Child Internalizing and Child Externalizing Behaviors

Child internalizing behaviors and child externalizing behaviors were measured using the Behaviors Problems Index (BPI) which was the one instrument added to the study that was not in the parent study. The BPI is a 28 item; 3 point ordinal parent response scale that addresses type, range, and frequency of children’s behaviors and is used with children from ages 4–17 (Guttmannova, Szanyi, & Cali, 2008; Peterson & Zill, 1986). Each behavior is rated as: often true = 1, sometimes true = 2, not true = 3. Higher scores indicate more behavioral problems. The Spanish version of the BPI that was used in this study has been used by the U.S. Bureau of Labor Statistics successfully from 1997 to present (National Longitudinal Surveys, 2013). The BPI has an externalizing behavior subscale of 16 items and an internalizing behavior subscale of 8 items. Three items are unique in that they load simultaneously for both internalizing and externalizing behaviors, and 1 item in the scale does not load on either of the externalizing or internalizing dimensions. The tool has demonstrated good internal consistency for the overall tool, α = .90; the externalizing subscale α = .87, as well as the internalizing subscale, α = .79 (Fagnano, Conn, & Halterman, 2008).

Caregiver Emotional Functioning QOL: ACT Instrument

Caregiver emotional functioning QOL was measured using a 9 item subscale of Juniper’s PACQLQ 7 point scale (1 = all of the time to 7 = none of the time) which measures caregiver emotional functioning related to their children’s asthma. Higher scores indicate greater emotional functioning QOL. Reliability was supported with an intra-class correlation coefficient for the emotional functioning subset at .80 (Juniper et al., 1996a). The PACQLQ has been validated for use with families that speak Spanish (Canino et al., 2008).
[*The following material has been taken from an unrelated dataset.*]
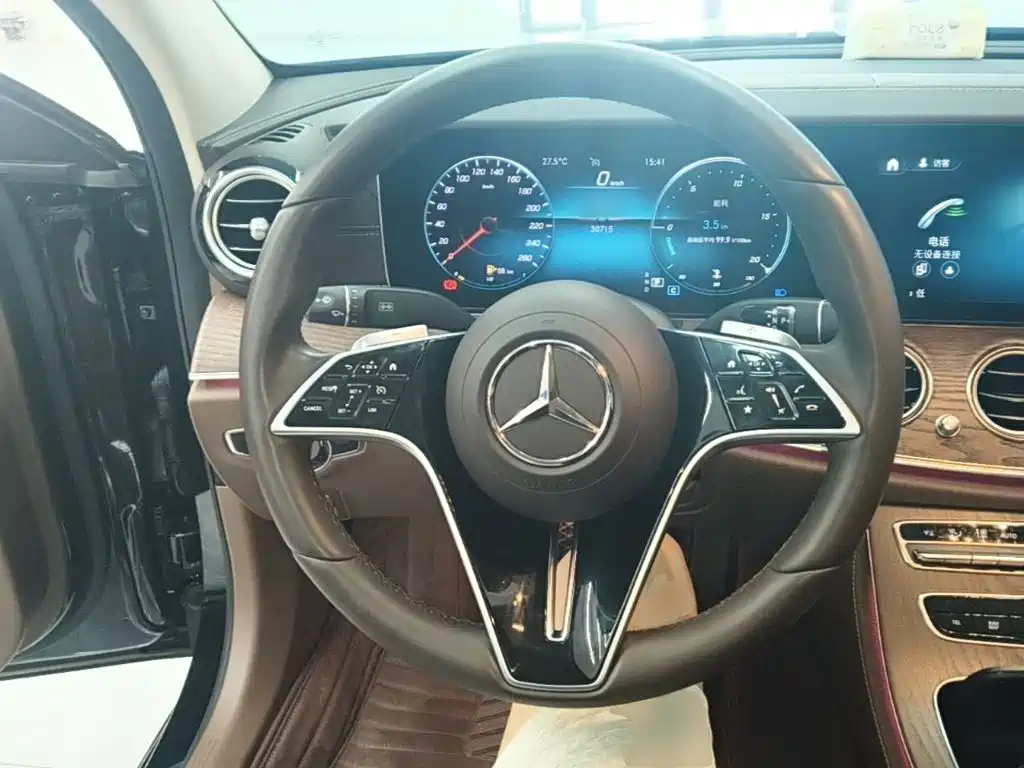 Mercedes-Benz E-Class 2022 — фото 11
Child Emotional Functioning QOL: ACT Instrument

Child emotional functioning QOL was measured using an 8 item subscale of Juniper’s PAQLQ which was revised from a 7 to 5-point Likert response set (1 = never; 5 = always) for children’s ease of understanding (Horner et al., 2012); Higher scores indicate worse emotional functioning QOL. Questions focus on emotional experiences related to asthma in the last week (Juniper et al., 1996b; Petteway, Valerio, & Patel, 2011). Reliability has been supported with an intra-class correlation coefficient of .89 (Horner et al., 2012); internal consistency has been demonstrated with α = .88 (females; N=119); α = .90 (males: N = 153) in children ages 7–17 (Wood et al., 2007).

Data Analysis

The Statistical Package for the Social Science (SPSS Statistics 20) was used to analyze the data collected in this study. The level of significance that was selected for this study was α = .05. Prior to performing the statistical analysis, data screening steps were taken to examine the data for entry errors, missing values, and outliers of undue influence. Entry errors were checked and corrected by returning to the original survey instruments if there was a questionable entry. Data screening checks included checking assumptions of linearity, normal distribution of errors, homoscedasticity, and multicollinearity. Reliability checks of all survey instruments were run using Cronbach’s α (Field, 2009).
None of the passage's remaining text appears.